The lasingphee (quilted cotton material) is produced in Manipur and used as a covering in winter. Colours are obtained from natural sources and the juice of wild indigo is used as a black or dark blue dye. A bark from the plains is used for a red shade, and green, yellow, and orange are obtained from the barks of jungle trees. A characteristic feature of the moirangphi chaddar is the triangular form along the border. Phi means cloth in Meithei and Moirang is the name of a place in Manipur. Morangfi saris woven in white or soft colours carry the mandir shikhara (temple top) on the border with dotted patterns on the body. There is a belief that this pattern was created by the Goddess Morangfi herself.

Manipur is said to be the original home of the mulberry silk worm, and it is said that it went from there to China. However, most silk-weaving is eri weaving. The use of tassar is also being encouraged.


Its own art-forms and cultural expressions and ramifications distinctly showcase Manipur to the World. Its famous classical dance remains unique in all Manipuri dance forms whether it’s folk, classical or modern and has a different style and gesture of movement.
Love of art and beauty is inherent in the people and it is difficult to find a Manipuri girl who cannot sing or dance. Manipuris are artistic and creative by nature. This has found expression in their handloom and handicraft products, which are world-famous for their designs, ingenuity, colorfulness and usefulness.
Each ethnic group has its own distinct culture and tradition deeply embedded in its dances, music, customary practices and pastimes.

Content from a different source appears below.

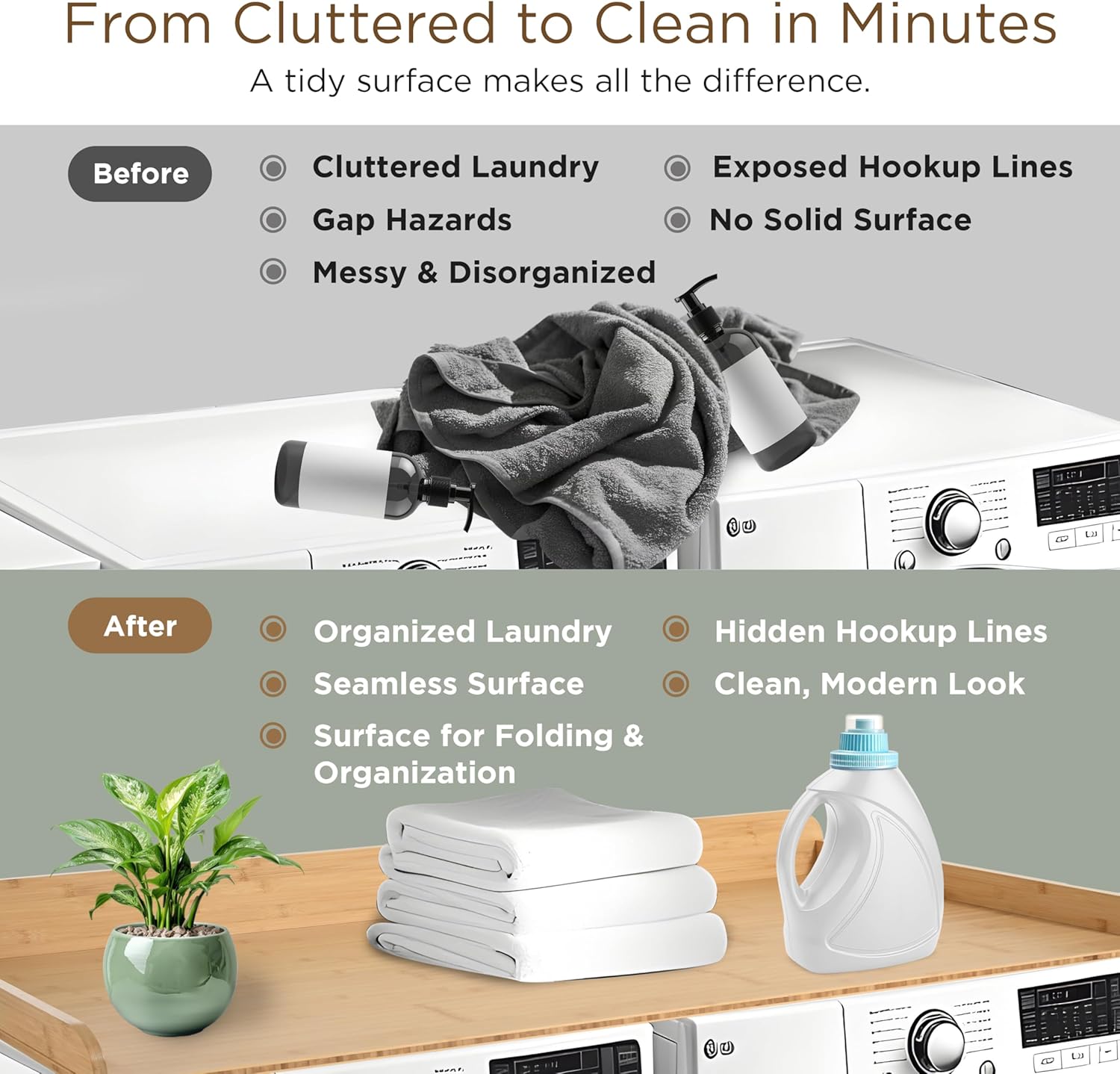 Solid Bamboo Washer Dryer Countertop, Laundry Wood Shelf Topper with Non-Slip Pads, Edge Rails and High Back Rail for Laundry Room Storage & Organization, Washer Dryer Counter Storage, 25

Ras Lila:-The Ras lila, the epitome of Manipuri classical dance is inter-woven through the celestial and eternal love of Radha and Krishna as has been described in the Hindu scriptures and reveals the sublime and transcendental love of Krishna and Radha and the Gopies’ devotion to the Lord. It is generally performed in an enclosure in front of the temple throughout the night and watched with a deep sense of devotion. Ras performances are seasonal and varied and performed at the temple of Shree Shree Govindajee in Imphal on the nights of Basanta Purnima, Sarada Purnima and Kartik Purnima and at local temples later. As to the composition, the performance is a combination of solo, duet and group dances. This highly stylised form of dance has sublimity, subtlety and grace. The richness of the costumes gives lustre to the beauty of the art.

Nupa Pala

Nupa Pala:-Nupa Pala which is otherwise known as Kartal Cholom or Cymbal Dance is a characteristic of the Manipuri style of dance and music. The initial movements of this dance are soft and serene , gradually gathering momentum. It is a group performance of male partners, using cymbals and wearing snow white ball-shaped large turbans, who sing and dance to the accompaniment of Mridanga, an ancient classical drum “Pung” as it is called in Manipuri. The Nupa Pala acts as a prologue to the Ras Lila dances, besides an independent performance too, in connection with religious rites.
Pung Cholom

Pung Cholom:-Pung or Manipuri Mridanga is the soul of Manipuri Sankritana music and Classical Manipuri Dance. It assumes an important ritual character, an indispensable part of all social and devotional ceremonies in Manipur,-the instrument itself becoming an object of veneration. Pung Cholom is performed as an invocatory number preceding the Sankirtana and Ras Lila. It is highly refined classical dance number characterised by the modulation of sound from soft whisper to a thunderous climax.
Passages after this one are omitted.